- We note 14.1%y/y growth in interest income thanks to 24.6% growth in loans and advances. Interest expense rose by 33.6%y/y on expensive funding resulting from increased competition. Overall, net interest income rose by 9%y/y to KES 35.9b.
- Continued Asset growth: we note a significant growth (+25.5%y/y) in assets which is way above our estimates. Its loan book grew by 24.6%y/y above management’s target (by 3.6%) and our target (by 2.7%). This resulted from aggressive marketing, new products, convenient & innovative delivery channels as well as partnerships with Telco companies. The bank is well capitalised thus we forecast a 4yr CAGR of 14.5% and 18.5% in assets and loans respectively to FY 17e.

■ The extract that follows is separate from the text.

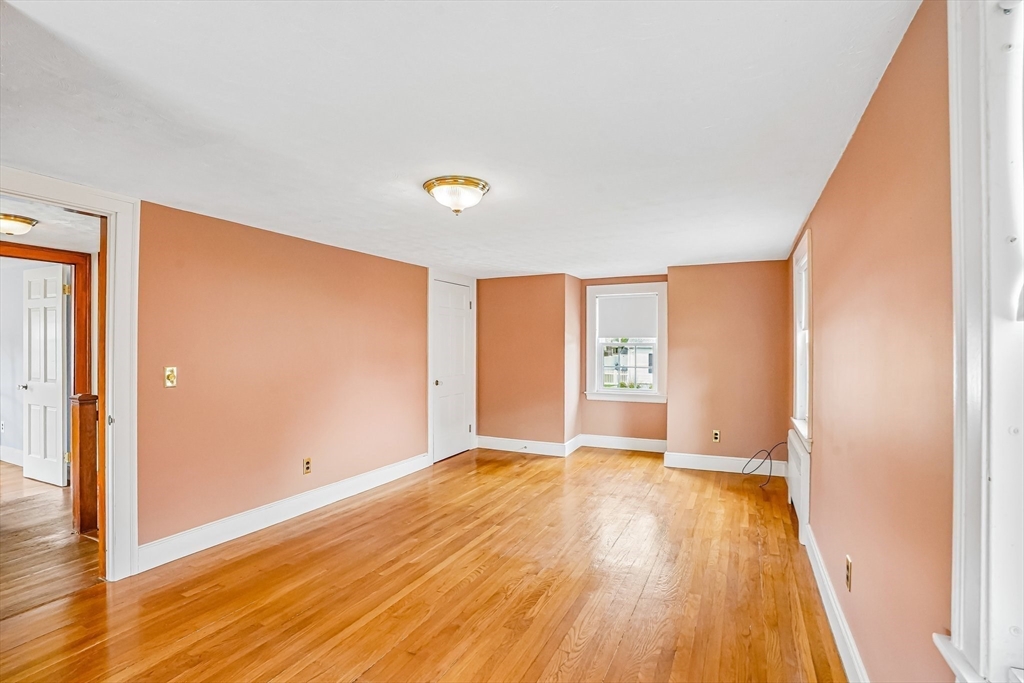 12 Puritan Road Danvers, MA 01923 - Photo 18 of 34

- Non-Funded income growth: we note the impressive growth (+28.7%y/y) on NFI to KES 22.0b, accounting for 37.9% of the total income. This contribution looks healthy amid the rising competition within the sector. Moreover, with the bank’s anticipated growth in both the agency and mobile banking, we believe this remains the key driver on NFI where we forecast a 4yr CAGR of 8.8% to FY17e.
- Improving cost efficiency: the bank’s CTI ratio stood at 58.9% due to higher provisioning for its South Sudan subsidiary. However, CTI less provisions stood at 50.2%. We remain optimistic on the bank’s ability to contain its operating costs, where we forecast an improved cost to income ratio of 54.4% by FY17e from the current 58.9% in FY 14.
- NPLs: the book quality improved significantly to 2.3% from 4.5% in FY13. The bank witnessed increased non-performing loans in FY 13 driven by the then looming South Sudan crisis and delayed payment of contractors by the government. However, as the South Sudan tensions cools off and with the government having paid its contractors, we expect NPL’s to maintain at low levels.
- Regional Expansion: The bank is keen to consolidate its regional business in a bid to scale its profitability. Currently, the bank has operations in Kenya, Tanzania, Uganda, Rwanda, Burundi, and South Sudan. It has 242 branches, 962 ATMs and 9,238 Agents.
- Valuation: Our model (excess return on equity) suggests a fair value of KES 60.61/share vis-à-vis the current price of KES 59.50/share.